• [ABOUT THIS TASK] The following data has a line with "2002 Sea Ray 480 Motor Yacht" and a line with "Near Mint! White". Write out exactly those lines and all the lines between them.

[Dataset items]
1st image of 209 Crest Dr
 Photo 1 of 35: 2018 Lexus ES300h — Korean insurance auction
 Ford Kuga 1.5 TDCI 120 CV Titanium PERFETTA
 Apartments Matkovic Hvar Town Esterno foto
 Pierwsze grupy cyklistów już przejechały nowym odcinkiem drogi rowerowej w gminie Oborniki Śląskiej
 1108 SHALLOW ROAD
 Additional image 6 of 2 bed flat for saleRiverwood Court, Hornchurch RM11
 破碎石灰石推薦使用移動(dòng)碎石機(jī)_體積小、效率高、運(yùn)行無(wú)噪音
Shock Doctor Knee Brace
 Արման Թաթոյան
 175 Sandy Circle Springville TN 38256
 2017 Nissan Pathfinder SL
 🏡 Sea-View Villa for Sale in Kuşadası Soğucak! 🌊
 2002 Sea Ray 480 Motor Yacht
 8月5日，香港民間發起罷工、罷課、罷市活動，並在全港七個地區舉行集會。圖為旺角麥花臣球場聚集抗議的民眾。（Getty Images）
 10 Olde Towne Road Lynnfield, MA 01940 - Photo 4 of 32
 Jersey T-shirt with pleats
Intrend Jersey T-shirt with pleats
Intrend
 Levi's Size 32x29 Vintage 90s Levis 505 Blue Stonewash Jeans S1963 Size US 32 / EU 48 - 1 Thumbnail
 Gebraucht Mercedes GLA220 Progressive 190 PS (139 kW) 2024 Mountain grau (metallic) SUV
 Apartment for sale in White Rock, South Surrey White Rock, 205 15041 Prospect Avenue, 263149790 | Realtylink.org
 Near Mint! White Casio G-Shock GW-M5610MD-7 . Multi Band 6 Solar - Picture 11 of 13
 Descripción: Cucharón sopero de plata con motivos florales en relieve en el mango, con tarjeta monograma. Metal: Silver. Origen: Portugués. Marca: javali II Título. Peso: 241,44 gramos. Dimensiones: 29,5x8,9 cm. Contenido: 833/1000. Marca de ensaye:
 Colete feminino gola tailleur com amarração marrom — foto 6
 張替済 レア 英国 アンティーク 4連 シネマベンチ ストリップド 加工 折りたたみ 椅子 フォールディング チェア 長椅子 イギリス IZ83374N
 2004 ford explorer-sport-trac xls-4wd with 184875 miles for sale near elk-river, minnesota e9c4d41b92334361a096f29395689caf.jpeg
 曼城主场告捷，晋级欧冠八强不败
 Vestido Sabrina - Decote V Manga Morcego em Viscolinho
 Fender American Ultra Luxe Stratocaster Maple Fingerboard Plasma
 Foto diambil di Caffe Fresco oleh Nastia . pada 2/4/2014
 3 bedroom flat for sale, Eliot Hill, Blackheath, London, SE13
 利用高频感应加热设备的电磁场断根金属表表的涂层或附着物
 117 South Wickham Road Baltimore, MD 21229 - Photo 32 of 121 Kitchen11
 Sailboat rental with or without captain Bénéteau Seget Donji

• [ANSWER BELOW]
 2002 Sea Ray 480 Motor Yacht
 8月5日，香港民間發起罷工、罷課、罷市活動，並在全港七個地區舉行集會。圖為旺角麥花臣球場聚集抗議的民眾。（Getty Images）
 10 Olde Towne Road Lynnfield, MA 01940 - Photo 4 of 32
 Jersey T-shirt with pleats
Intrend Jersey T-shirt with pleats
Intrend
 Levi's Size 32x29 Vintage 90s Levis 505 Blue Stonewash Jeans S1963 Size US 32 / EU 48 - 1 Thumbnail
 Gebraucht Mercedes GLA220 Progressive 190 PS (139 kW) 2024 Mountain grau (metallic) SUV
 Apartment for sale in White Rock, South Surrey White Rock, 205 15041 Prospect Avenue, 263149790 | Realtylink.org
 Near Mint! White Casio G-Shock GW-M5610MD-7 . Multi Band 6 Solar - Picture 11 of 13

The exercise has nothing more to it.